* Exercise goal *
The listing below should be printed again word for word, without any images.

* Material shown *
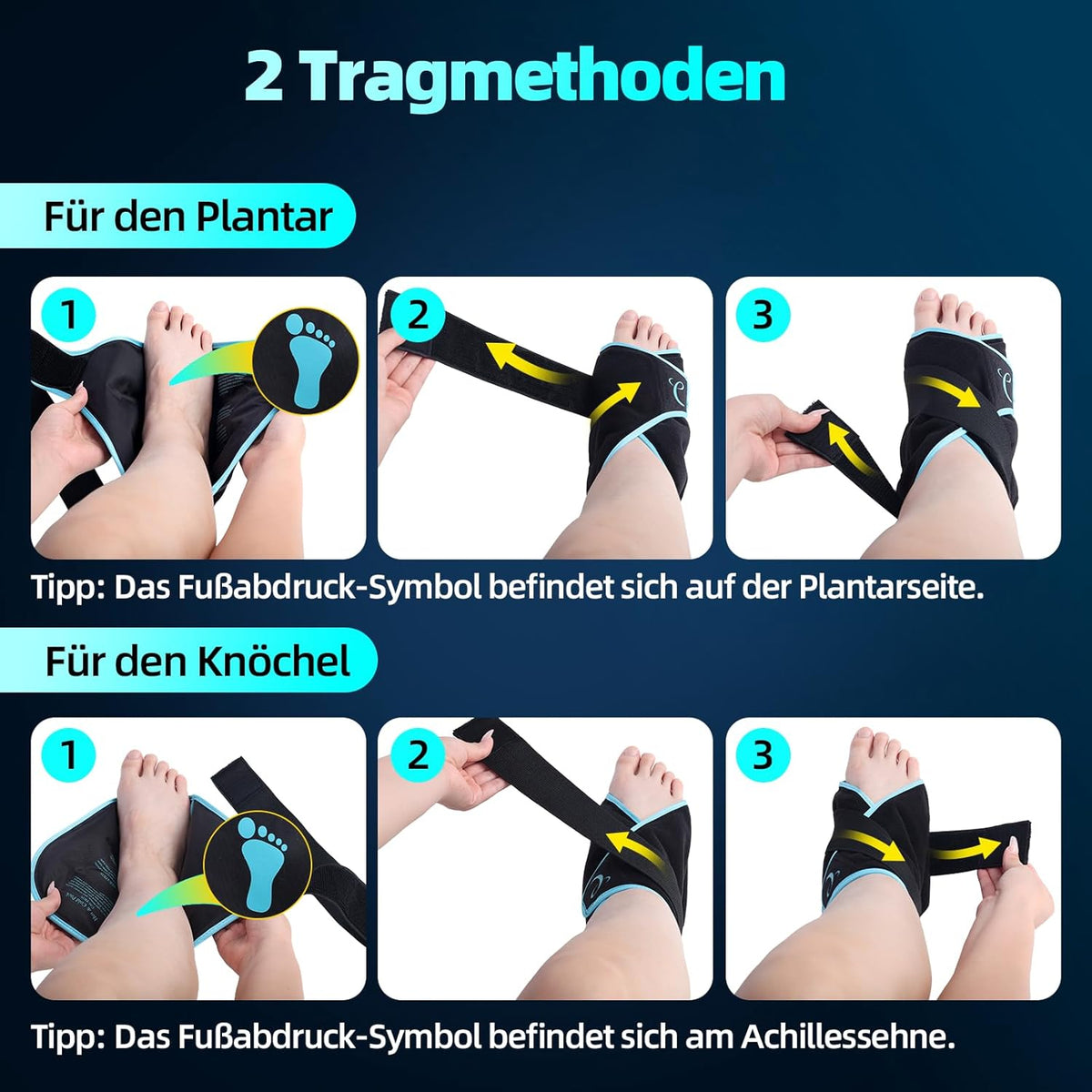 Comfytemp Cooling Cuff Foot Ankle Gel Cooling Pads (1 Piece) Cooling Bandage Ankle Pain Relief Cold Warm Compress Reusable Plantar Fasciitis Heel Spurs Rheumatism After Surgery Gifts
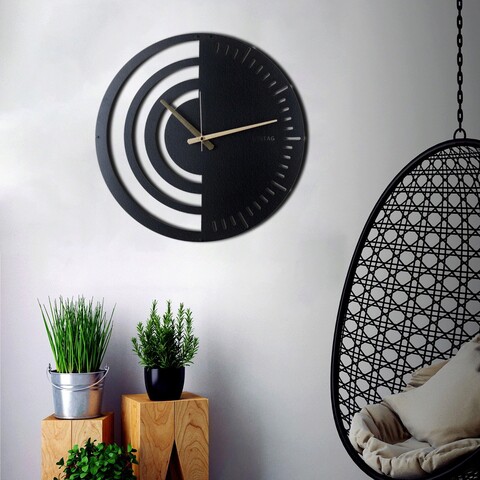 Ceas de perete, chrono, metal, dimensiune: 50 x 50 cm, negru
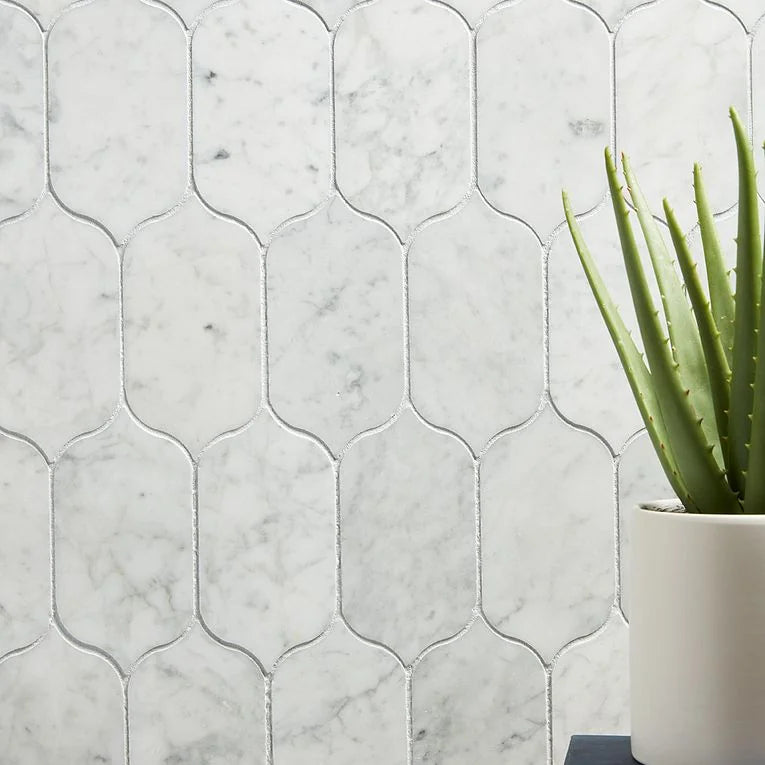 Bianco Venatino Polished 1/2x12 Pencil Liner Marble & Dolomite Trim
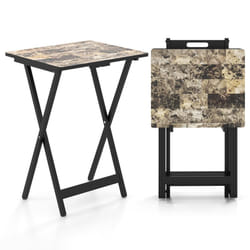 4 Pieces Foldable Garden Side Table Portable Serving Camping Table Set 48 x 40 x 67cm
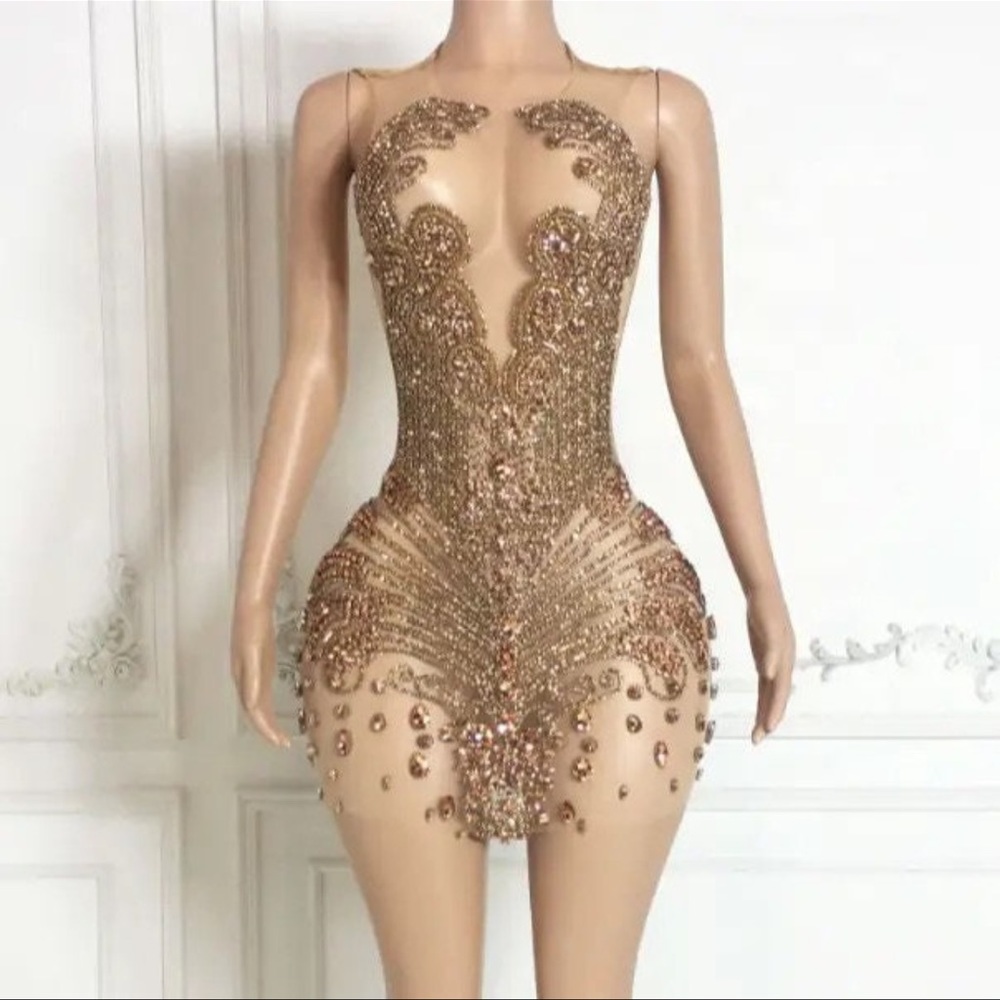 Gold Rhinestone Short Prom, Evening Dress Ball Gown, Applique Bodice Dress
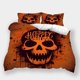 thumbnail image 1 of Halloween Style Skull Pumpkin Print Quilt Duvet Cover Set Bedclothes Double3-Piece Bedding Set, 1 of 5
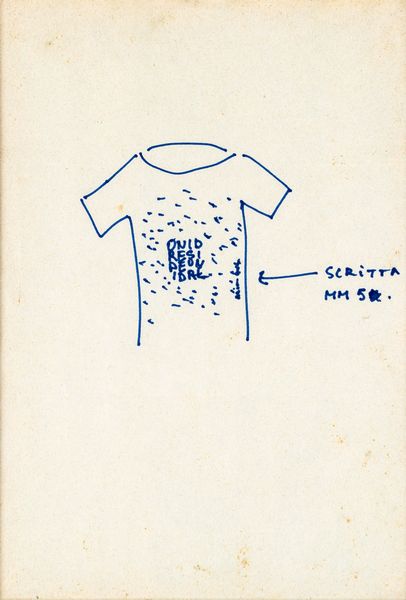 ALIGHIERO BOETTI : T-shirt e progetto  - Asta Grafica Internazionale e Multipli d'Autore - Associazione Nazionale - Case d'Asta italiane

* Exercise result *
 Comfytemp Cooling Cuff Foot Ankle Gel Cooling Pads (1 Piece) Cooling Bandage Ankle Pain Relief Cold Warm Compress Reusable Plantar Fasciitis Heel Spurs Rheumatism After Surgery Gifts
 Ceas de perete, chrono, metal, dimensiune: 50 x 50 cm, negru
 Bianco Venatino Polished 1/2x12 Pencil Liner Marble & Dolomite Trim
 4 Pieces Foldable Garden Side Table Portable Serving Camping Table Set 48 x 40 x 67cm
 Gold Rhinestone Short Prom, Evening Dress Ball Gown, Applique Bodice Dress
 thumbnail image 1 of Halloween Style Skull Pumpkin Print Quilt Duvet Cover Set Bedclothes Double3-Piece Bedding Set, 1 of 5
 ALIGHIERO BOETTI : T-shirt e progetto  - Asta Grafica Internazionale e Multipli d'Autore - Associazione Nazionale - Case d'Asta italiane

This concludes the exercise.